The title is Sherlock Holmes: A Game of Shadows, and indeed, it’s all about the shadowy arts of cleverness and deception. This is to be expected when you have an adversarial relationship between two supremely intelligent men. I am, of course, referring to detective-for-hire Sherlock Holmes (Robert Downey, Jr.) and Professor Moriarty (Jared Harris), both engaged in a deadly battle of wits in 1891 Europe. They’re each faced with the monumental task of being one step ahead of the other, which requires a thought process and an attention to detail that most would consider inhuman. For Holmes, it comes as second nature. We’ve once already seen his ability to make highly accurate deductions simply by analyzing the little things most people take no notice of. He finally admits that he notices absolutely everything, and that it’s just as much a curse as it is a blessing.
A Game of Shadows is, naturally, a sequel to the 2009 blockbuster Sherlock Holmes. Both films are directed by Guy Ritchie, allowing for some rather interesting spins on the original stories and novels by Sir Arthur Conan Doyle. For these reboots, the title character is a bit more bohemian, the plots are a bit more action-oriented, and the special effects are a bit more showy and expensive. Ritchie turns up the volume in A Game of Shadows with a story intended to be funnier, trickier, and literally more explosive than its predecessor. That it’s a great deal of fun, there can be absolutely no question. One wonders, though, if some audiences will find the plot a little difficult to follow, as it works in twists, turns, and misdirection the way artists work in oils or acrylics.

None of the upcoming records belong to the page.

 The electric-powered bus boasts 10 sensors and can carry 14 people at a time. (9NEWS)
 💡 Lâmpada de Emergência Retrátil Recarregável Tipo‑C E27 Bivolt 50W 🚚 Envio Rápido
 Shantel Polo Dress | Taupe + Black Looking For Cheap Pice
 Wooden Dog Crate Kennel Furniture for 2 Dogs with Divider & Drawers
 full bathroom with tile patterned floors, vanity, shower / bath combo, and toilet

The first film brought full attention to some of the quirky mannerisms Doyle created for Holmes, including his hyper analytical thinking skills (which some contemporary scholars convincingly attribute to Asperger’s syndrome), his affinity for bare-knuckle boxing and martial arts, and his inelegant style of dress. This new film draws on other quirks, most notably his ability to disguise himself and his occasional use of cocaine. Ritchie and screenwriters Kieran and Michele Mulroney take it one step further – in one scene, he downs a glass full of formaldehyde. I have absolutely no idea what that does to a living body, but I suppose it doesn’t really matter. His 221B Baker Street flat continues to be the center of his eccentric behaviors; in this particular case, we see he has filled it with jungle foliage and specific types of animals. He continues to perform strange experiments on Watson’s dog, and they always do less harm than they probably would in real life.

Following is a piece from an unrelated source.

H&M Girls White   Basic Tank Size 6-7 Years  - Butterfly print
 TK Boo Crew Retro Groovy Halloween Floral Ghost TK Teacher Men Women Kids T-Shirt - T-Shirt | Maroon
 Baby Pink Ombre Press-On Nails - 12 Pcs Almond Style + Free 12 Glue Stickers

I’m going to describe the plot in hurried, vague terms, as I don’t want to ruin the intricate mystery for you. Holmes and Watson (Jude Law) are drawn into a complicated web of crimes that seem to connect back to Professor Moriarty, who, as you may remember, was the stranger who kept himself hidden in shadow in the first film. They eventually involve a fortune-telling gypsy named Sim (Noomi Rapace), one of Moriarty’s targets. Why does he want her out of the way? It might have something to do with her missing brother, who not only worked for Moriarty but was also once affiliated with a radical terrorist group in located in Paris. The unexpected death of a prominent businessman, masked by a deceptive explosion, leads Holmes to Germany, where they discover a massive arms factory. Clearly, Moriarty has invested in large-scale weaponry. But why? And how does Sim’s brother fit into all of this?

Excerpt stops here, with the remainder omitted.